Dieci giorni prima del suo trentaduesimo compleanno si ritrova come d’incanto nella finale del torneo che tutti gli inglesi agognano fin da bambini e lo fa battendo in una tesissima semifinale la numero 1 del mondo, nonché campionessa uscente, la fidanzatina d’America Chris Evert. La Wade non è certo una novellina in fatto di tornei maggiori: a questo punto della sua carriera ha già vinto due Slam in singolare (Us Open ’68 e Australian Open ’72) oltre ai 4 in coppia fissa con Margaret Smith Court. Sono ormai 16 anni che solca questi campi e finalmente approda all’atto conclusivo, quando l’1 luglio 1977 va in scena la prima finale tra over 30 dal 1913. La sua rivale è la coetanea olandese Betty Stöve, che quell’anno non riesce proprio a incontrare i favori della santa erbetta londinese: raggiunge tutte e tre le finali (oltre al singolare, nel doppio femminile con Martina Navratilova e nel doppio misto con Frew McMillan) senza riuscire a vincerne nemmeno una. Anche se inizialmente la sorte gira a favore dell’olandese, che vince il primo set per 6-4 e costringe la Wade ad una insidiosa rimonta. Sostenuta dal pubblico e da un Royal Box particolarmente nutrito per l’occasione, la tennista britannica porta al successo una nazione con il punteggio di 4-6, 6-3, 6-1.
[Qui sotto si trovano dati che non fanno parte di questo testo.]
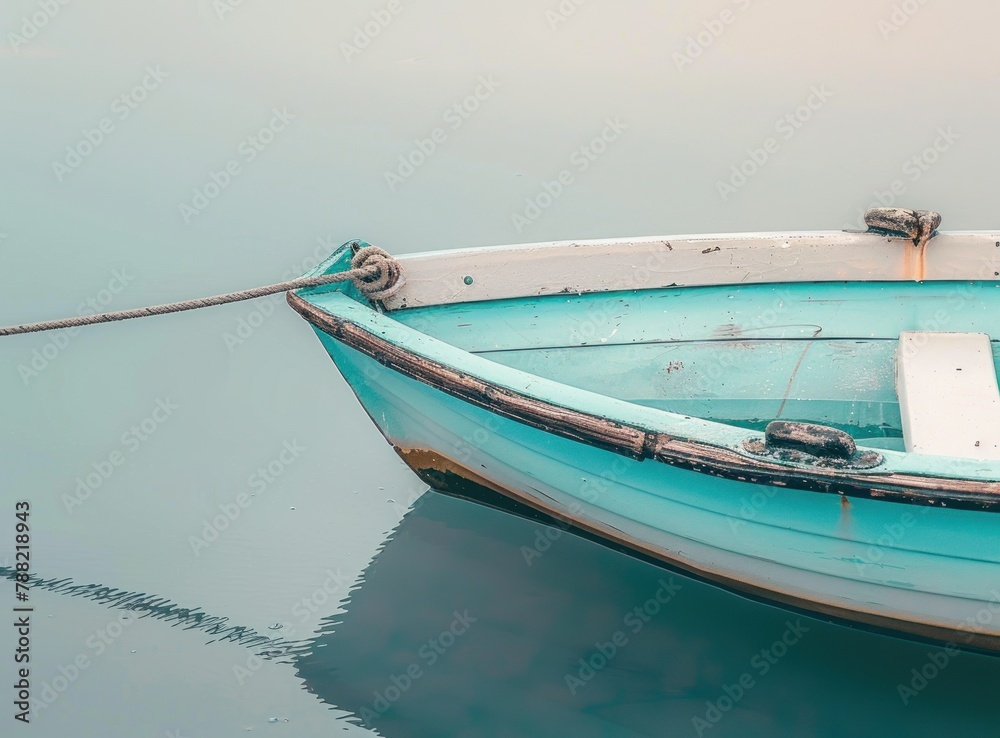 Serene Solitude: A Lone Boat's Reflection on Calm Waters - Generative AI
Nella sua lunga carriera mancano solo due gioie: la vetta del ranking (sarà numero 2 nel 1975 ma numero 1 in doppio) e il Roland Garros, dove in solitaria non andrà mai oltre i quarti di finale. Può meritatamente consolarsi con 55 titoli conquistati solo in singolare e con il fregio di Ufficiale dell’Impero Britannico, di cui viene insignita poco dopo il suo ritiro ufficiale nel 1986, a 41 anni. È una donna forte, spigliata ed energica Virginia, che non si ferma nemmeno dopo aver appeso la racchetta al chiodo: nel 1982 è la prima donna ad essere eletta nel comitato di Wimbledon e nel 1989 entra anche nella International Tennis Hall of Fame di Newport. Comincia l’attività di commentatrice e opinionista a carriera ancora in corso, lavoro che svolge attualmente per la BBC ed Eurosport.
Irriverente, schietta e senza peli sulla lingua come solo i più irriducibili inglesi sanno essere, non si risparmia nemmeno nei confronti del beniamino inglese per eccellenza, Andy Murray. Nel 2012 la Wade ha l’ardire di definirlo una “drama queen” per il suo comportamento lacrimevole durante il match al Roland Garros contro Nieminem, quando Murray minacciando un imminente ritiro vinse poi al quarto set. Due anni dopo, quando lo scozzese sceglie Amelie Mauresmo come nuovo coach al posto del robotico Ivan Lendl, la Wade proclama ampiamente la sua perplessità nei confronti di una donna troppo fragile per consigliare il giovane campione, tanto da confessare placidamente di non aver creduto inizialmente alla notizia avendola scambiata per uno scherzo. Anche il tennis femminile preso nella sua totalità non passa indenne alle critiche della Wade, tacciato com’è di sola forza bruta e automatismi sterili che non celano dietro la racchetta la benché minima personalità umana.
Così, dall’alto della tribuna d’onore di Wimbledon, Virginia Wade trascorrerà il suo 70esimo compleanno in qualità di ultima tennista britannica ad aver stretto tra le mani il Rosewater Dish. Non è ancora venuto il momento di abdicare, per questa indomita matrona del tennis.